--- SUPPLIED DATA Enclosed Below ---

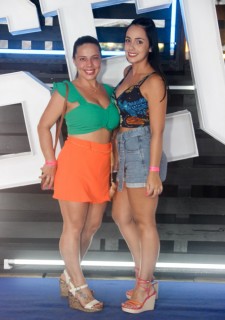 
<a style='margin-left: 5px;' class='btn btn-xs btn-social btn-facebook' href='https://www.facebook.com/sharer/sharer.php?u=https://www.galeramix.com.br/imagem/a129/800-800-90/conteudo/site_galerias/129/img0949.jpg' rel='popup' data-width='500' data-height='400'><i class='fa fa-facebook'></i>Compartilhar <span class='hidden-xs'>no Facebook</span>
</a> 
<a class='btn btn-default btn-xs' target='_blank' href='imagem/a129/800-800-90/conteudo/site_galerias/129/img0949.jpg'>
<span class='glyphicon glyphicon-cloud-download'></span> Salvar
</a>
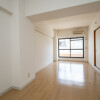 2LDK Apartment to Rent in Nakano-ku Living Room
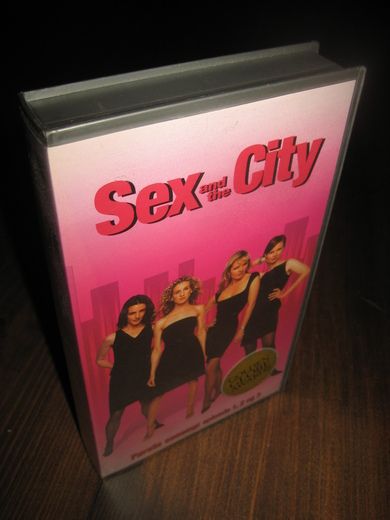 SEX AND CITY 1 SESONG EPISODE 1 2 og 3 1998 15 år 74 min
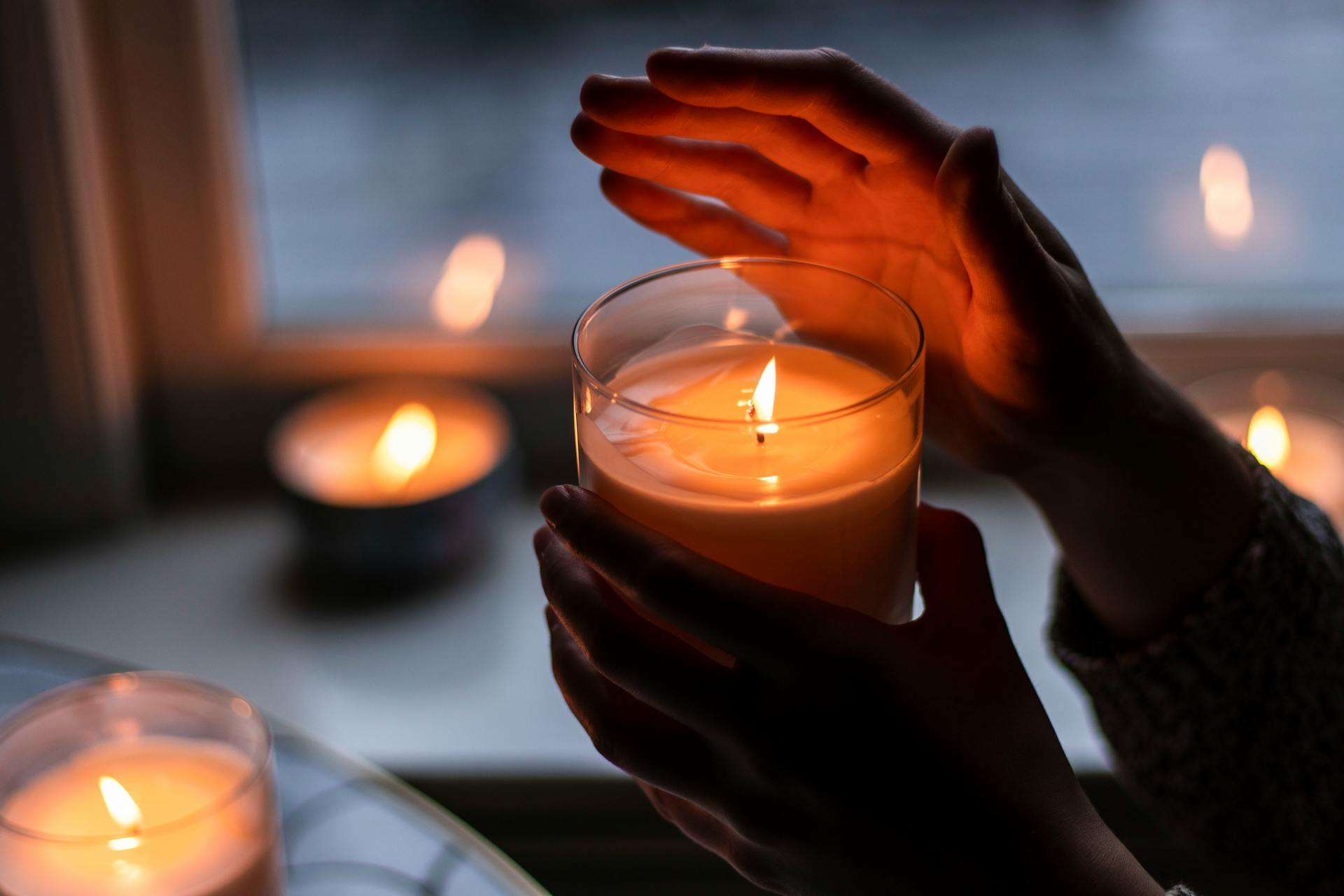Una mujer sosteniendo una vela | Fuente: Pexels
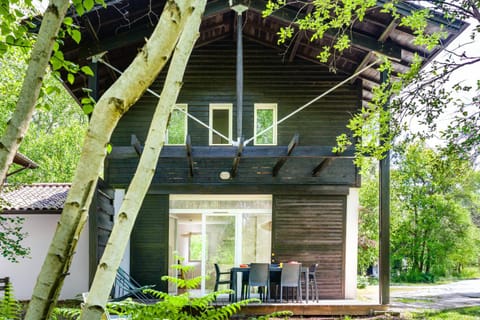 Property building, Spring, Day, Garden, View (from property/room), Balcony/Terrace, Dining area, Garden view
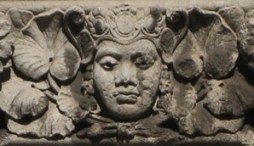 kneuterdijk1nederlandsehandelmijgevelrelieffotokroonwagtberghansen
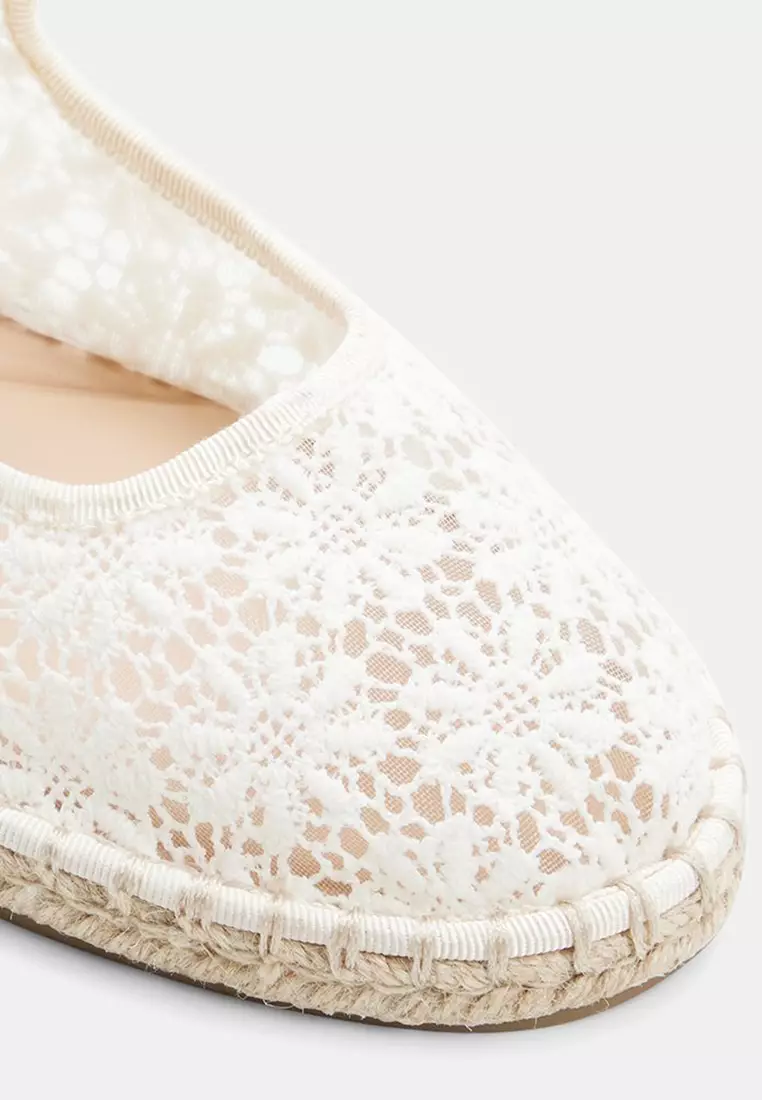 Alisse Flats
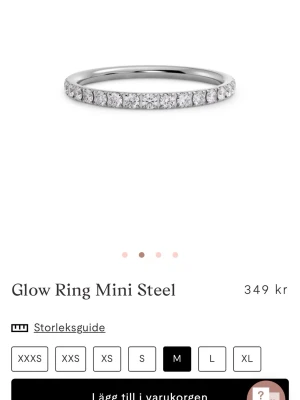 Ring edblad  - Helt nyskick, stl M. storleksguide finns på edblads hemsida! Köpt för 349kr, villig att gå ned i pris vid snabb affär.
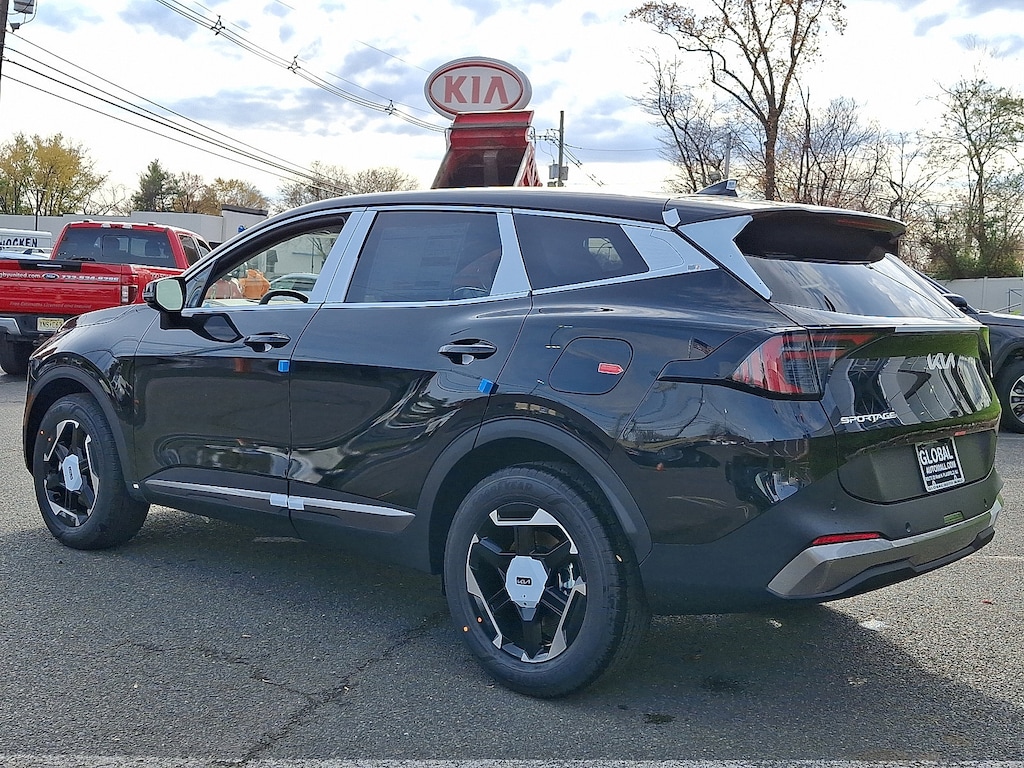 New 2026 Kia Sportage Hybrid S SUV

--- End of Enclosed SUPPLIED DATA ---

EXERCISE REQUIREMENTS: If a line in the entries contains "conteudo", copy it.

YOUR RESPONSE:
<a style='margin-left: 5px;' class='btn btn-xs btn-social btn-facebook' href='https://www.facebook.com/sharer/sharer.php?u=https://www.galeramix.com.br/imagem/a129/800-800-90/conteudo/site_galerias/129/img0949.jpg' rel='popup' data-width='500' data-height='400'><i class='fa fa-facebook'></i>Compartilhar <span class='hidden-xs'>no Facebook</span>
<a class='btn btn-default btn-xs' target='_blank' href='imagem/a129/800-800-90/conteudo/site_galerias/129/img0949.jpg'>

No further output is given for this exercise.